Saturn: ;p "I was bluffing. Ne, Chaos-chan?"

Chaos: o.O;; [kowai!] "You were?! I nearly had a heart attack back there!"

            "You dare to insult me again?" Nehelenia snarled. "This will not go unpunish--!!"
            Suddenly a large explosion rocked the street, sending dozens of various mirror paradery parts all over the place. Chaos shielded Saturn beneath an umbrella (and then realized that for his own safety he should be hiding under it too), while Nehelenia just raced around trying to avoid getting hit.
            As the debris and smoke cleared, it revealed the rest of the cast all standing upright and intact. Hundreds of mirror paradery pieces laid broken at their feet. Their uniforms and clothes singed, torn, tattered and missing in some cases, all the Senshi and the fanboys stared coldly at Nehelenia.
            "This can't be good," Nehelenia said.
            Pulling the comatose Mamoru out of deep storage in her mirror dimension would take too much time. She had to come up with a way of defending herself from everyone, or else the rest of this battle would get very unpleasant for her.
            She spun around as a wayward fanboy happened to walk right behind her. With a savage grin, Nehelenia let her hair uncoil and shoot out at the fanboy. Desolation had just enough time to lower his trusty "Map of Gaghiel's Stomach" to see the army of purple hair snaking out towards him. Before he could say or do anything, Nehelenia's hair wrapped around him and dragged Desolation in front of her.
            "Ha! You may have been able to bluff your way through that one," she crooned. "But let's see you try that stunt again with this guy!"
            Carnage, Dark Mayhem and Demolition all assumed offensive stances. Each one began to glow as they summoned their worst possible spells. Namely two Dragu Slaves and one Megadeth. The Inner Senshi summoned their attacks. Pesti-chan primed a Rumblequake. Uranus and Neptune gathered there glowing attack orbs. Pandemonium aimed both her arm cannons. Hysteria got ready to unleash another Kawaii Killer Butterfly. Saturn folded a Silence Wall around Nehelenia to minimize the damage area, and then added her own Silence Glaive Surprise to the mix. Not wanting to sacrifice his cows and turn them into well-done steaks, Chaos decided to lob the worst thing he could think of: the Akiocar.

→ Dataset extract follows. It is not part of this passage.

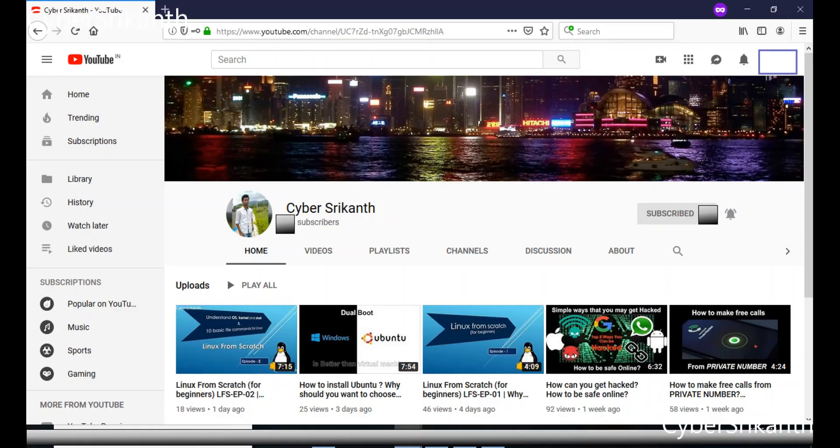Before getting into the video, please subscribe my channel and press the bell icon, so that you won't miss any future videos.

Ruckus: "Aren't we going to contribute to this?"

Riot: "We're swordsmen. What are we going to do: most honourably hack her ashes to pieces?"

Sailor Moon: [hesitantly raising her hand] "Ano...what if I tried using my loving, teary Bambi eyes on her? I mean, I am supposed to want to save everyone, after all--friends and enemies alike."

Dark Mayhem: "And spoil our big moment? Perish the thought!"

Sailor Neptune: "Go sit in the corner, Usagi."

Sailor Moon: [walking off] "Hai...."

            Nehelenia laughed at all of them, unusually smug in the face of such high-powered attacks aimed right at her. "Fools. Are you willing to kill one of your own just to destroy me?"
            A dark smile tugged at the edges of Carnage's lips. "It's only Desolation," he stated.
            "He's a 'Wu'," Dark Mayhem replied evenly.
            Sailor Jupiter nodded. "He'll live."
            "NA NI?!" Nehelenia exclaimed, realizing that this time nobody was bluffing. "What's wrong with you people?!"
            Still calmly reading his map of Gaghiel's digestive tract despite being tangled up in her hair, Desolation turned back to Nehelenia. "Ooooh, you're so going to get your ass smited," he said to her, unable to stop from chuckling.
            "What about you?!" Nehelenia retorted angrily.
            Desolation shrugged. "A seven o'clock appointment is a seven o'clock appointment. It's not like this is an altogether new sensation of pain for me."

Fairy Godbabbit: [handing Nehelenia a small purple umbrella] "Here, open this up and hold it over your head."

Nehelenia: [???] "This will protect me?"

Fairy Godbabbit: ^-^ "No, but it'll make your demise all the more comical."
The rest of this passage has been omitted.